I’m not sure what the phrase is in other countries, but in the U.S. when it is Wednesday, we call it “hump day”. It rarely comes out of my mouth because it can be kind of work-place annoying, but as I started thinking about my post for today, it was at the front of the line of thoughts even though I was going to post some reflections on the book “Kick the drink…Easily!” by Jason Vale.
Anyway, hump day is in the middle of the week and if you can get through it you only have 2 more days until the weekend (if you work a traditional schedule). I can definitely say that Day 15 was not my personal hump day, it was still too emotional and confusing then. The conflict, doubt, happiness, etc that has been somewhat up and down has evened out over the past few days. I know I can easily get through these next 2 days to accomplish my August goal. Then, on Saturday, I am going to give myself a day to simmer and reflect. I’m going to go to a favorite coffee shop, read through my past posts, and take a step back and just observe this past month with some intentional retrospection. I’ll make some decisions and plans for September, but I will keep an open mind and be willing to be flexible while also thinking about the areas that I should not be flexible.

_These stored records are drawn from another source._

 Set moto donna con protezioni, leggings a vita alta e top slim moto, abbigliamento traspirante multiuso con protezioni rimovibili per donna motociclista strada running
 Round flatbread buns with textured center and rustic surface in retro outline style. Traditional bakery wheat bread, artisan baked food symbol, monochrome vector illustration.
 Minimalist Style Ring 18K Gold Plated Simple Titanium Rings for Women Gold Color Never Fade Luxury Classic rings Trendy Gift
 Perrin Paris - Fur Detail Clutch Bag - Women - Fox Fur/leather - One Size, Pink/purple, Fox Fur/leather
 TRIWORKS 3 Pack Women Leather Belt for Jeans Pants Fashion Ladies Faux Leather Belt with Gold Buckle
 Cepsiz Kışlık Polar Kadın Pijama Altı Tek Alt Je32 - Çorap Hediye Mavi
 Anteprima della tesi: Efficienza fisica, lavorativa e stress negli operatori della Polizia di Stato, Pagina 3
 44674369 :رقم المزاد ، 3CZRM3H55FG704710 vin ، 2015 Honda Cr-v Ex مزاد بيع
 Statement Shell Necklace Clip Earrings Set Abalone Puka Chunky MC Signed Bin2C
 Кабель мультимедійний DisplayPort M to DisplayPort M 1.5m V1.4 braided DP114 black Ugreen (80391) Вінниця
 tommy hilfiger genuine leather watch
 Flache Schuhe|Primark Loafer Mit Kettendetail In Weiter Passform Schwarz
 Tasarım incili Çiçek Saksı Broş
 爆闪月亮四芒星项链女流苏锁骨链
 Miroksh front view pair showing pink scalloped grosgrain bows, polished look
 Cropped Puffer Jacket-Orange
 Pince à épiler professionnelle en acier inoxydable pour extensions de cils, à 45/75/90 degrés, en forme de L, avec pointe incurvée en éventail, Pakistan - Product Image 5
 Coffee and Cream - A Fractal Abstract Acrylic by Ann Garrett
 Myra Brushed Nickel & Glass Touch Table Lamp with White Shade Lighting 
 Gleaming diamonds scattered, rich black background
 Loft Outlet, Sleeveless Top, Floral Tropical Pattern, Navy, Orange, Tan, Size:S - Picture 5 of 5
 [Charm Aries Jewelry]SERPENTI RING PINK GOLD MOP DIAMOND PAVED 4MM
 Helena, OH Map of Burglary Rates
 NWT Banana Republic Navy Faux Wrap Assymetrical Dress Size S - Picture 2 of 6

This is from the first page that I turned down in the Jason Vale book. Its a bit more than halfway through, which is when the messages began to sink in and seem more true for me. I’ll leave myself (and you) to simply think about it and am curious to hear what it means to each of us, if anything:
“The good news is that when you stop drinking you begin to write your own script and control who you are. You do not have to go through a storm of any kind, contrary to the brainwashing. There is a door in the sky that releases you to a whole new world and the key is in your own head; you are the master of your own show. The only thing that is stopping you is fear.”